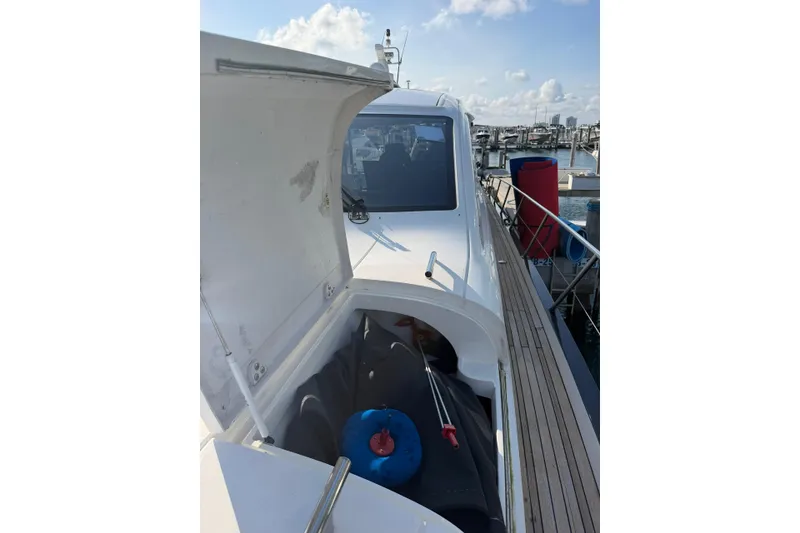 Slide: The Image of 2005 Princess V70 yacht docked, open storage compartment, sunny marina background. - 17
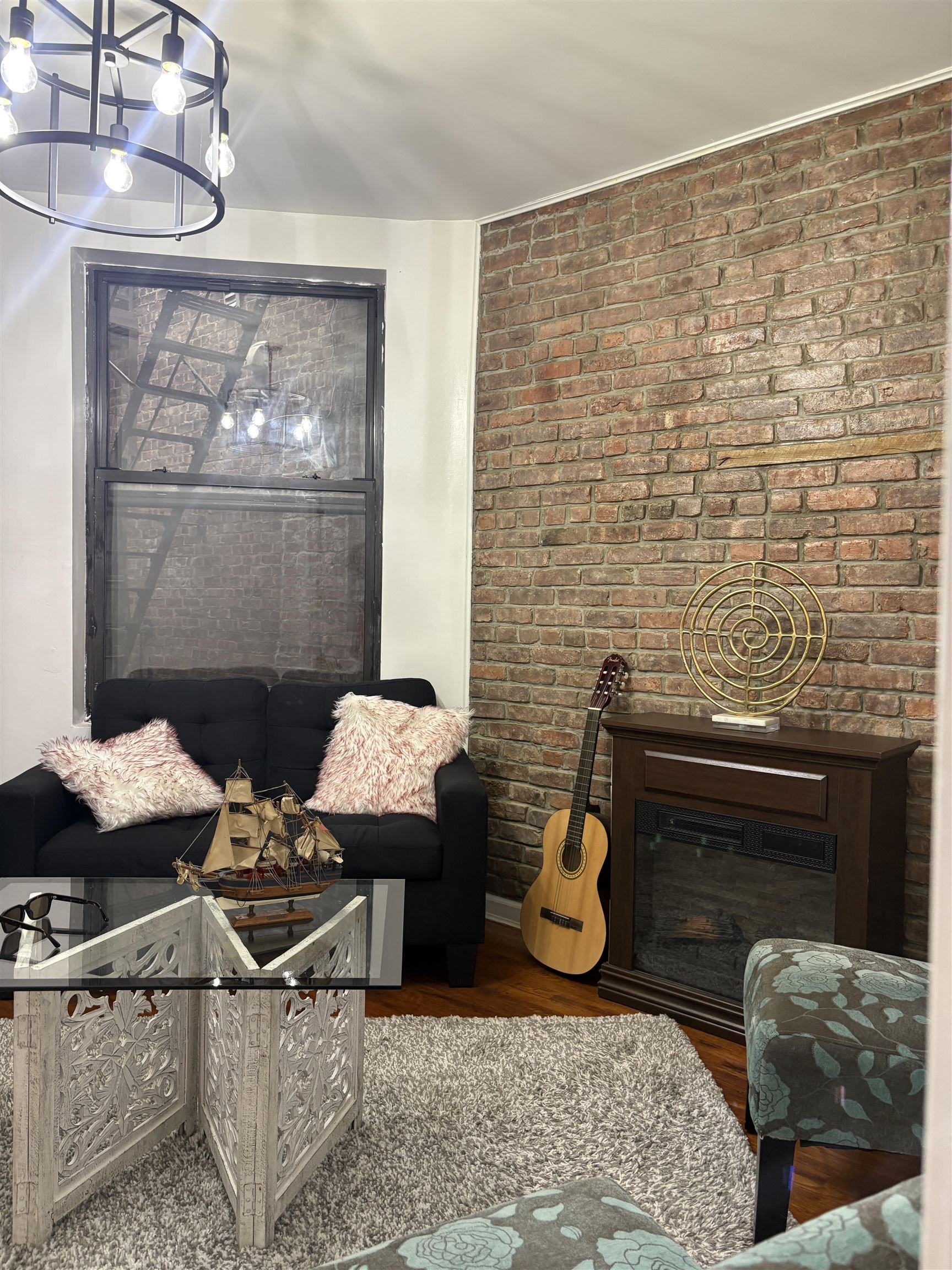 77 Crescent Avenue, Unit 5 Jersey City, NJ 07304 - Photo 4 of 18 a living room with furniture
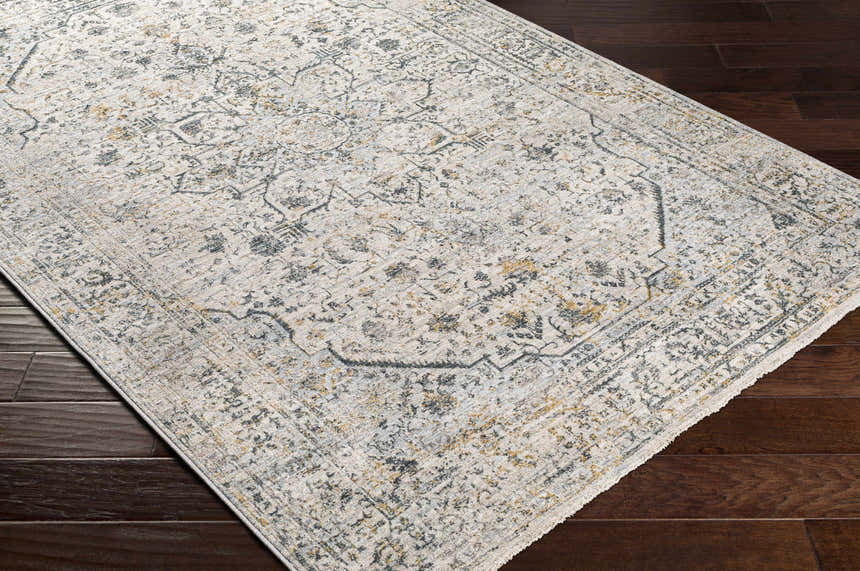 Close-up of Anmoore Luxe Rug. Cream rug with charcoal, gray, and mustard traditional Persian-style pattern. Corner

◆ Task to complete: Please print the data above in its entirety, exactly, but without any picture.

◆ Result of the exercise:
 Slide: The Image of 2005 Princess V70 yacht docked, open storage compartment, sunny marina background. - 17
 77 Crescent Avenue, Unit 5 Jersey City, NJ 07304 - Photo 4 of 18 a living room with furniture
 Close-up of Anmoore Luxe Rug. Cream rug with charcoal, gray, and mustard traditional Persian-style pattern. Corner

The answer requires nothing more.